Secure Silicon: Towards Virtual Prototyping
Document typeConference report
Rights accessOpen Access
Evaluating security vulnerabilities of software implementations at design step is of primary importance for applications developers, while it has received litte attention from scientific communauty. In this paper, we describe virtual prototyping of an implementation of Elliptic curve cryptography (ECC), aiming to make it secure against first-order horizontal and vertical side-channel attacks (SCAs). Reproducing information leakage as close to reality as possible requires bit- and clock-cycle accuracy, we got with Mentor Graphics Modelsim tool, simulating the execution of the ECC software implementations on PULPino, an open-source 32-bit microcontroller based on the recently released RISC-V instruction set architecture.

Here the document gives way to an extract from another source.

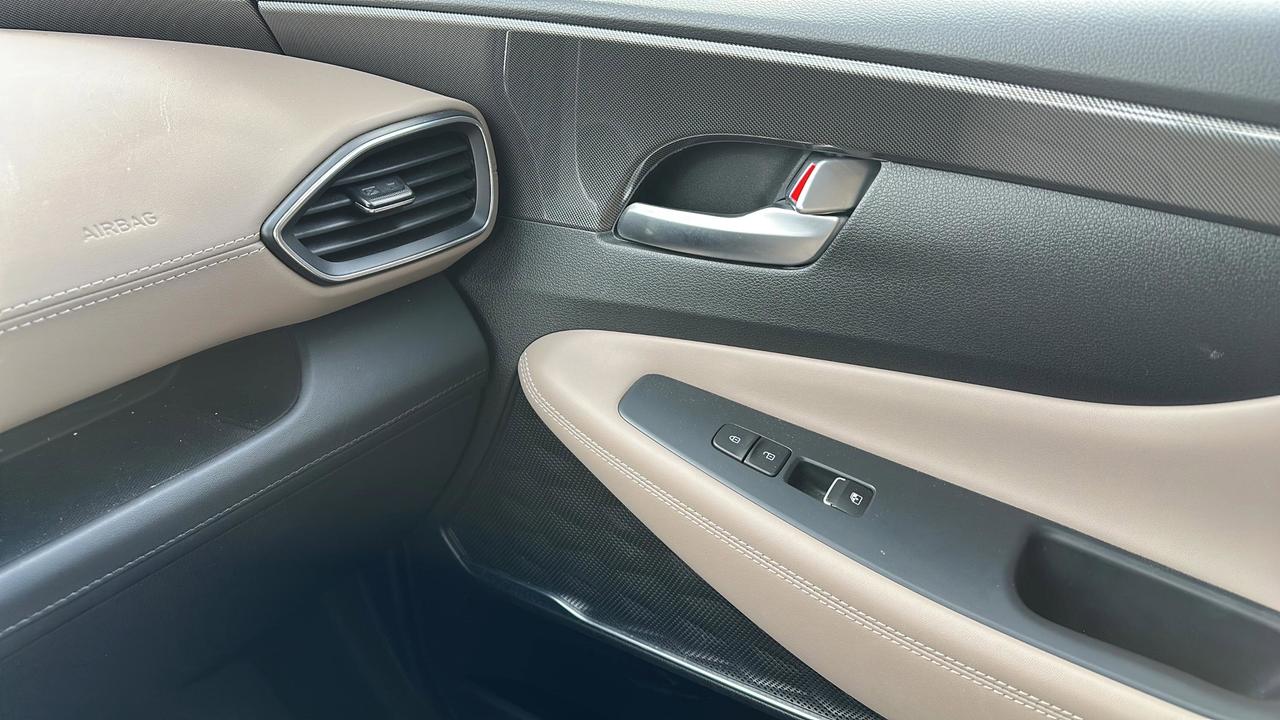 2021 Hyundai Santa Fe Preferred Photo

For each clock cycle, we compute the number of bit toggles into microcontroller's registers, an image of the power consumption, and watch the program counter to identify the assembly instruction executed, then the corresponding C function. We first start with a naive double-and-add implementation relying on cryptographic primitives of the mbed TLS library, formerly PolarSSL before acquisition by ARM. The virtual analysis pinpoints differences in the way the double function on one side and the add function on the other side manage variables and internal operations, which can be used for horizontal SCAs. We propose some modifications of the C code, hence independent of the considered microcontroller, with an overhead extremely small compared to that of the double-and-add-always countermeasure. Then, we reiterate analyses, still for the mbed TLS library, but using the regular Montgomery ladder version, most used in practice as more efficient.